En efecto, lamentablemente la rancia tradición política, por décadas, venia centrando sus esfuerzos por aparentar una cierta voluntad política frente a la sociedad, a través de la realización de múltiples reformas constitucionales y legales que, además de crear sistemas jurídicos basados en ocurrencias, nunca venían acompañados por los recursos económicos suficientes para hacer viable y objetiva su implementación.

Este modelo del SNA, sin duda, tiene algunos aspectos rescatables, pero es innegable la urgente necesidad de su revisión legislativa, bajo un proceso riguroso que involucre a la sociedad para lograr un diseño jurídico y social acorde con la realidad y sin simulaciones.

Mientras eso sucede, sería bueno recordar que, a tres años de la incorporación de este Sistema al texto constitucional, no se han efectuado los nombramientos claves como el del Fiscal Especializado en Materia de Delitos Relacionados con Hechos de Corrupción, y el de los dieciocho magistrados anticorrupción del Tribunal Federal de Justicia Administrativa, ordenados en la propia Constitución Federal.
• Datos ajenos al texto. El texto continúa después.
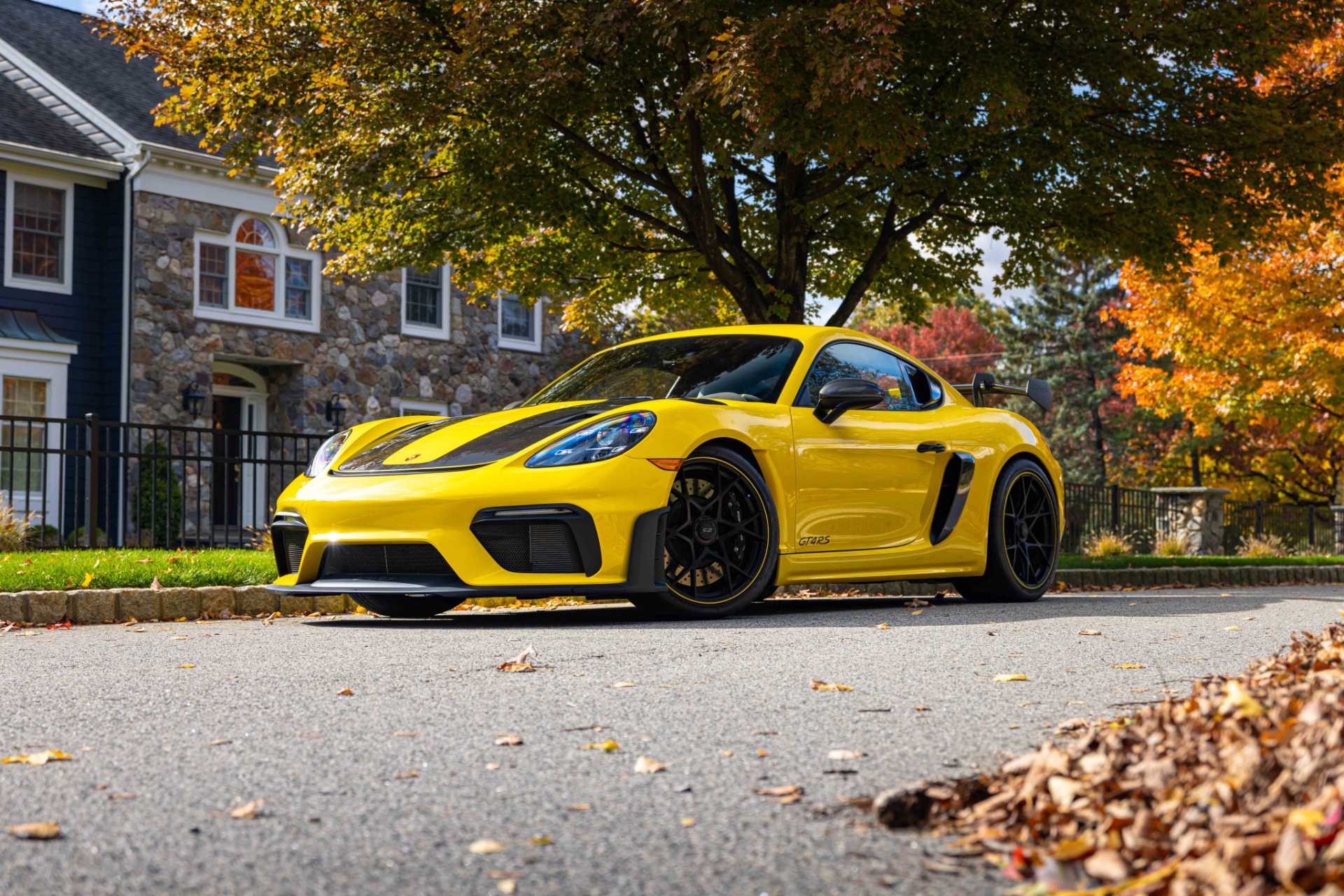 2025 Porsche 718 Cayman GT4 RS's photo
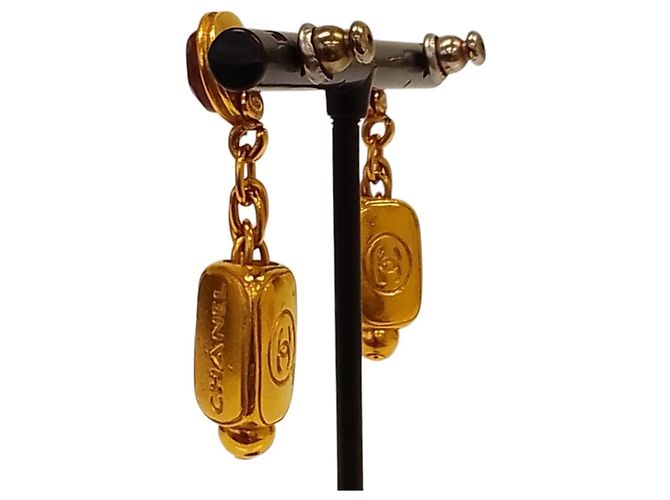 Timeless Orecchini Chanel Vintage Gripoix Swing D'oro - vista 2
Nombramientos que darían certidumbre jurídica y un buen mensaje de voluntad -real- para combatir este fenómeno, en tanto se efectúa una eventual revisión legislativa como se ha dicho.

Por lo pronto, una revisión a la legislación vigente en materia de responsabilidades, permite establecer al menos tres aspectos que vale la pena reflexionar: 1. La eficacia del SNA dependerá en absoluto de las políticas públicas implementadas, es decir de las acciones adoptadas para la atención de la problemática concreta, la corrupción; 2. Las políticas públicas no pueden encausarse exclusivamente hacia el desarrollo de medidas para atender las consecuencias de la corrupción, y 3. La prevención, como un factor integrado al objetivo de la reforma constitucional en la materia, no debe constreñirse a la adopción de políticas limitadas al desarrollo de códigos de ética o de integridad, públicos o privados, la excesiva regulación incluso en este terreno de la ética y la integridad, genera un doble efecto: El incumplimiento de la norma y la evasión de la justicia.

El éxito en la implementación del SNA dependerá de las políticas públicas que adopte el gobierno del presidente López Obrador, sin embargo, estas deberán encontrarse articuladas con la realidad social, política, económica y jurídica, de más de 120 millones de mexicanos. Un reto que demanda no solo el trabajo del gobierno en turno, sino que requiere asumir nuestra corresponsabilidad hacia una cultura anticorrupción.

 

* Catedrático de la Facultad de Derecho de la Universidad Nacional Autónoma de México.